There is a significant change of the HIV deaths per 100k before and after the year 2004 controlling for age groups, sex, and gdp per capita.
\[ log(mortality/100000) = \beta_0 + \beta_1 age + \beta_2 sex + \beta_3 year_{2004} + \beta_4gdp \]
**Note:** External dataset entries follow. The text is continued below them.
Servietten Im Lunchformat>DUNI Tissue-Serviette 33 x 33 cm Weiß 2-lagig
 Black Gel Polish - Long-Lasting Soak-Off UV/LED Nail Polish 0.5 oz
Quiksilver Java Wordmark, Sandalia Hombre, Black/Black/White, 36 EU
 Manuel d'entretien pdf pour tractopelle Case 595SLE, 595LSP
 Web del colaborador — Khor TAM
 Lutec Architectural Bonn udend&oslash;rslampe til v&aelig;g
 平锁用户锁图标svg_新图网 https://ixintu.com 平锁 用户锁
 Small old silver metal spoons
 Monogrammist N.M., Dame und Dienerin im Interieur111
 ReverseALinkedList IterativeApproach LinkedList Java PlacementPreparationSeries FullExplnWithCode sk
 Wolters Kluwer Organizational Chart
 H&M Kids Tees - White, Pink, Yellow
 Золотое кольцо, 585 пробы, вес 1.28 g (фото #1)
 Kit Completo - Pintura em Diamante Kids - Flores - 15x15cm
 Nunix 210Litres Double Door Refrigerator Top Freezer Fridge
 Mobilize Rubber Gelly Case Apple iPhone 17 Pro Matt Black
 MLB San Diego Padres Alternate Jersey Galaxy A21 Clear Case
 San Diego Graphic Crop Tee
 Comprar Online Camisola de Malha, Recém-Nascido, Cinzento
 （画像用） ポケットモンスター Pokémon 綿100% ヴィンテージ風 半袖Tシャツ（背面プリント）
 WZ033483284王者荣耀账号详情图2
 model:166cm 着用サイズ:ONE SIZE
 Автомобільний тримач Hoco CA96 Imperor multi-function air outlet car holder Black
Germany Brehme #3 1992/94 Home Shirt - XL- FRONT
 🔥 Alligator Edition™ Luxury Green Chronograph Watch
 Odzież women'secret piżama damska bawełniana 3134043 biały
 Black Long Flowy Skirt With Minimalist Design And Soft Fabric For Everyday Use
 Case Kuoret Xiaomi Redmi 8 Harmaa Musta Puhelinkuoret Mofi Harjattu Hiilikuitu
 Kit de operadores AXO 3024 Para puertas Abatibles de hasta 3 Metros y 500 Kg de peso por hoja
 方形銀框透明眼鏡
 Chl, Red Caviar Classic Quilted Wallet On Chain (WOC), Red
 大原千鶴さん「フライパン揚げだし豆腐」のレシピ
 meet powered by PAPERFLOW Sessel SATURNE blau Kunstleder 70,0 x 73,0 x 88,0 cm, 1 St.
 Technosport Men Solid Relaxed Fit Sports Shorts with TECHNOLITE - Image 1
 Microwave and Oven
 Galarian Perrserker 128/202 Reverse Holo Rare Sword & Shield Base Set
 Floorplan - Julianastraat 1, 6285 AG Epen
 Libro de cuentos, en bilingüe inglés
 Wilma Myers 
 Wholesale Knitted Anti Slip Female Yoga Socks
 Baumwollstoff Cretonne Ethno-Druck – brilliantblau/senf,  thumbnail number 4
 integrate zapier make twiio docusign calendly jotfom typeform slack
model2_logit = lm(log_mortality_per_100k ~ age_name + sex_name + year_2004 + gdp_per_capita, data = regression_logit) %>%
broom::tidy() %>%
mutate(exp_est = exp(estimate))
model2_logit %>%
kable("html") %>%
kable_styling(full_width = FALSE, position = "center") %>%
column_spec(1:4, width = "2cm")
term | estimate | std.error | statistic | p.value | exp_est |
---|---|---|---|---|---|
(Intercept) | -1.8001083 | 0.0311420 | -57.803261 | 0e+00 | 0.1652810 |
age_name10-24 years | -0.1839863 | 0.0357550 | -5.145753 | 3e-07 | 0.8319472 |
age_name25-49 years | 2.2260567 | 0.0357550 | 62.258651 | 0e+00 | 9.2632663 |
age_name50-74 years | 0.9935827 | 0.0357550 | 27.788653 | 0e+00 | 2.7008936 |
age_name75+ years | -2.7893764 | 0.0357550 | -78.013652 | 0e+00 | 0.0614595 |
sex_nameMale | 0.4534213 | 0.0226134 | 20.050970 | 0e+00 | 1.5736870 |
year_20041 | -0.5889625 | 0.0230970 | -25.499530 | 0e+00 | 0.5549027 |
gdp_per_capita | -0.0000388 | 0.0000006 | -62.787825 | 0e+00 | 0.9999612 |
Interpretation: The HIV deaths per 100k is 44.51% lower before 2004 than after 2004 after controlling for age, sex, and gdp per capita at the level of 5% significance.
There is an interaction between age and sex.
\[ log(mortality/100000) = \beta_0 + \beta_1 age + \beta_2 sex + \beta_3 year + \beta_4 gdp + \beta_5 age*sex \]
model1_compare = lm(log_mortality_per_100k ~ age_name + sex_name + year + gdp_per_capita, data = regression_logit)
model3_logit = lm(log_mortality_per_100k ~ age_name + sex_name + year + gdp_per_capita + age_name*sex_name, data = regression_logit)
Anova(model1_compare, model3_logit)
## Anova Table (Type II tests)
##
## Response: log_mortality_per_100k
## Sum Sq Df F value Pr(>F)
## age_name 157021 4 5427.12 < 2.2e-16 ***
## sex_name 2936 1 405.88 < 2.2e-16 ***
## year 6608 1 913.61 < 2.2e-16 ***
## gdp_per_capita 29666 1 4101.34 < 2.2e-16 ***
## Residuals 413073 57108
## ---
## Signif. codes: 0 '***' 0.001 '**' 0.01 '*' 0.05 '.' 0.1 ' ' 1
Interpretation: There is an interaction between age groups and sex at the 5% significance level, which means that gender can have different impacts on the HIV deaths per 100k regarding to different age groups.